For Apple, verify your build uses the current required Xcode and iOS SDK versions and includes a mandatory Privacy Manifest. Apps offering in-app purchases must include a working "Restore Purchases" button.

For Google Play, verify your build uses Android App Bundle format (AAB, not APK). Complete the content rating questionnaire and ads declaration in Play Console. Verify your build supports 16KB memory page sizes, which is required for current Android targets.

Test your app with screen readers enabled (VoiceOver on iOS, TalkBack on Android). The European Accessibility Act requires compliance for apps targeting customers in the European Union.

Compliance deadlines converging in 2025 and 2026

Multiple compliance deadlines are stacking up, and missing any one of them can delay or block your submission entirely. These deadlines affect both new submissions and updates to existing apps. Plan your development timeline around the earliest deadline that applies to your app.

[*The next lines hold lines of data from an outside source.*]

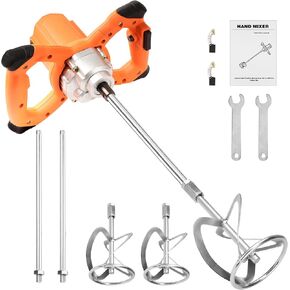Electric Handheld Cement Mixer with 6 Speed, for Motar,Paint, Grout, Plaster (yellow)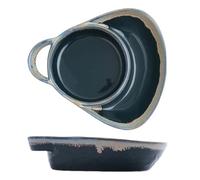 GETBSTOOP Servito per Zuppe e Panini in Ceramica con Doppio Scomparto, Piatto con Manico per Zuppa e Panino 2 in 1 in Stile Retrò, Ciotole Laterali Facili da Pulire per Colazione, Insalata, Dolci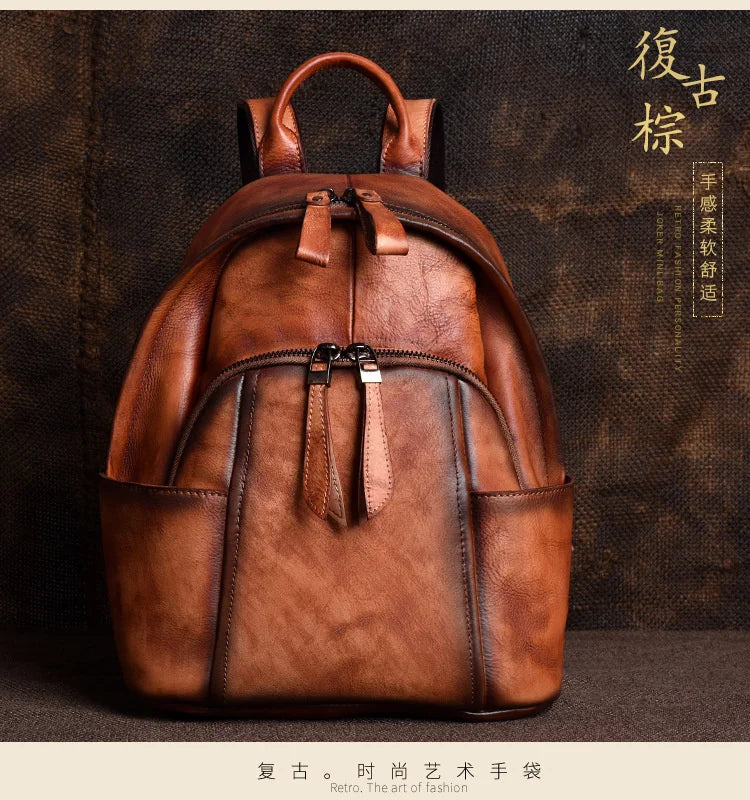 Genuine Leather Backpack Rucksack for Women Designer Luxury Travel Retro Laptop Female Real Cowhide School Book Bag Knapsack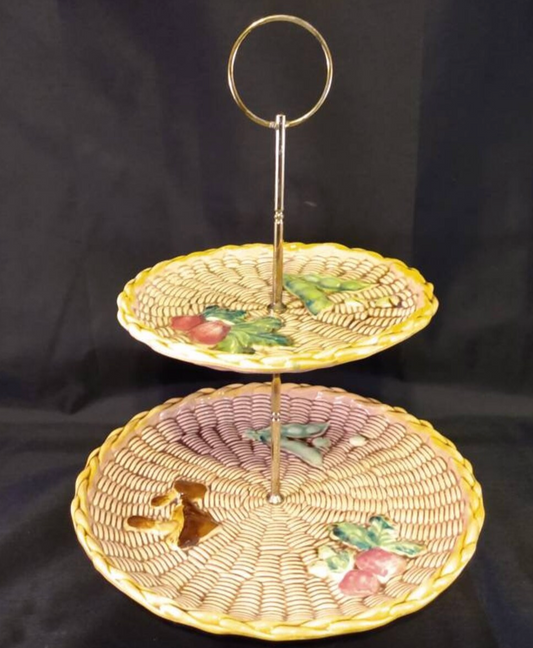 Tilso Japan Wicker-look Two Tier Ceramic Tidbit Tray with Vegetable Motif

  • June 28, 2025: European Accessibility Act compliance for EU-targeting apps
  • August 31, 2025: New apps must target Android 15 / API level 35
  • November 1, 2025: 16KB memory page size support required (Android)
  • April 28, 2026: All iOS submissions must be built with the iOS 26 SDK or later

Verify your app building platform supports these requirements before deadlines arrive. Platform updates can take weeks or months to roll out, so confirm compatibility well in advance.

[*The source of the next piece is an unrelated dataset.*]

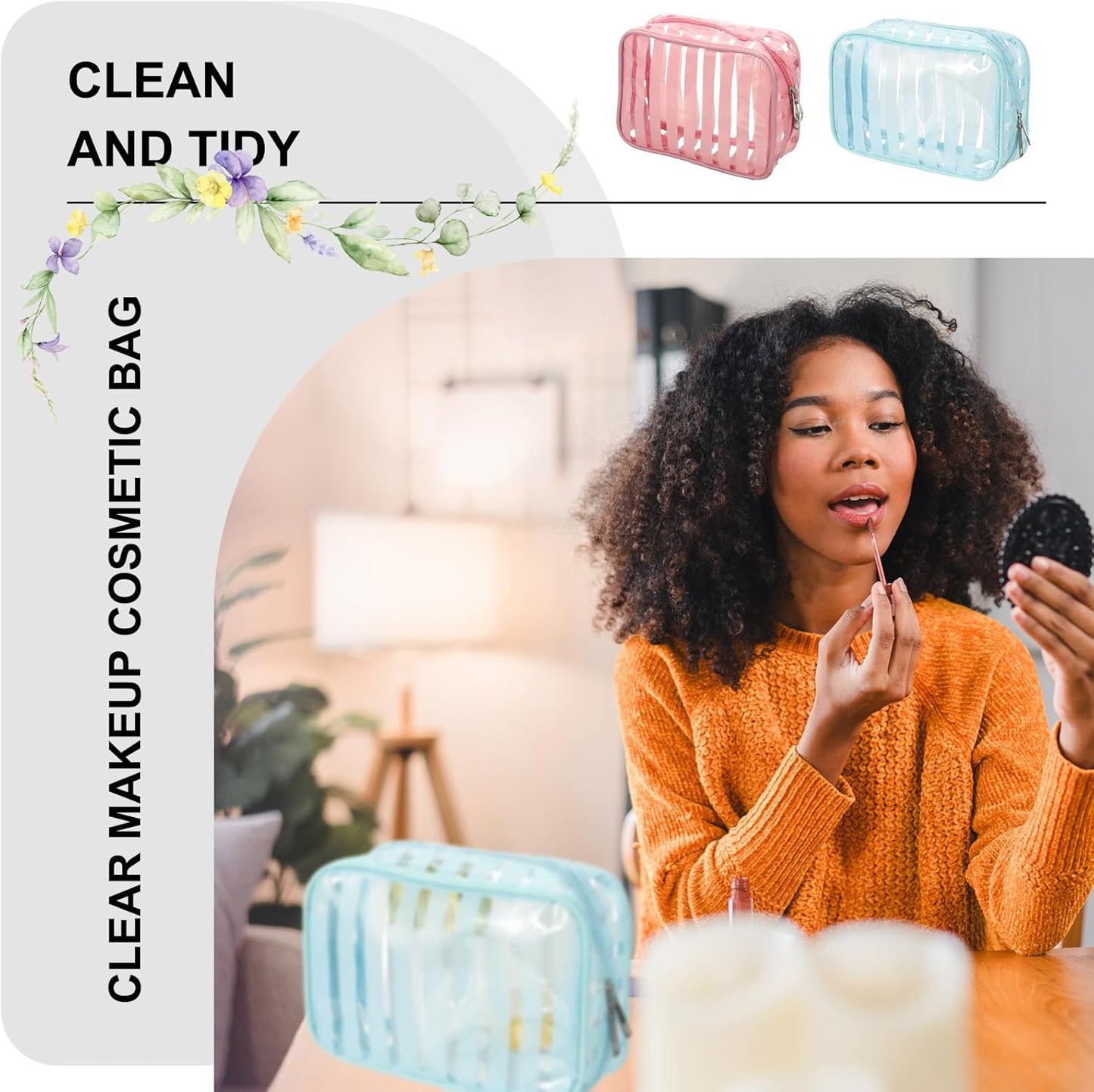 PATIKIL Clear Makeup Cosmetic Bag, 8.6"x4.7"x2.3" Transparent PVC Travel Toiletry Bag Waterproof Vinyl Organizer Makeup Pouch with Zipper for Women Men Airport Airline, Light Brown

Final verification: confirm every requirement before submitting

This consolidated checklist covers both platforms. Work through it in order before every submission. Each item confirms you completed the work detailed in the sections above.

Accounts and compliance:

  1. Apple Developer account active and paid
  2. Google Play account active, paid, and identity verified
  3. Google Play closed testing completed (if required for your account)
  4. Privacy policy URL live and accessible in-app
  5. Apple Privacy Manifest verified with platform support
  6. Google Data Safety form completed with all SDK data disclosed
  7. Age rating questionnaire completed on both platforms

Visual assets prepared:

  • App icons uploaded and validated on both platforms
  • iPhone screenshots uploaded in required dimensions for each device size
  • Google feature graphic uploaded
  • All screenshots show real in-app UI

Metadata finalized:

  • App title includes primary keyword within character limits
  • Description accurately reflects actual app functionality with no placeholder content
  • iOS keyword field optimized with no duplicates
  • Privacy policy URL provided and accessible within app
  • Export compliance questions answered
  • No references to other platforms or pricing in descriptions
  • Content rating questionnaire completed on both platforms

Technical verification:

  • Tested on real iOS and Android devices
  • Zero crashes across all core user flows
  • Demo credentials prepared and tested
  • All placeholder content removed
  • In-app purchase restore function working (if monetized)
  • AAB format confirmed for Google Play
  • Target SDK and API levels meet current platform requirements
  • All compliance deadlines reviewed against your timeline

Review timeline budgeted:

  • Apple: 1 to 3 days for updates, 3 to 7 days for first submissions (budget 5 to 7 days for potential rejections)
  • Google Play: Up to 7 to 10 working days for reviews (budget 10 to 14 days for store listing change delays)
  • Do not modify your Google Play store listing during review. Any changes may restart the review process

The difference between a smooth approval and a weeks-long rejection loop comes down to preparation. Work through the complete pre-submission checklist before you submit, not after you get rejected. Try Anything free if you want a platform that handles many of these technical requirements for you. Test thoroughly on real devices, and confirm all privacy and compliance documentation is complete and accurate before beginning your app submission.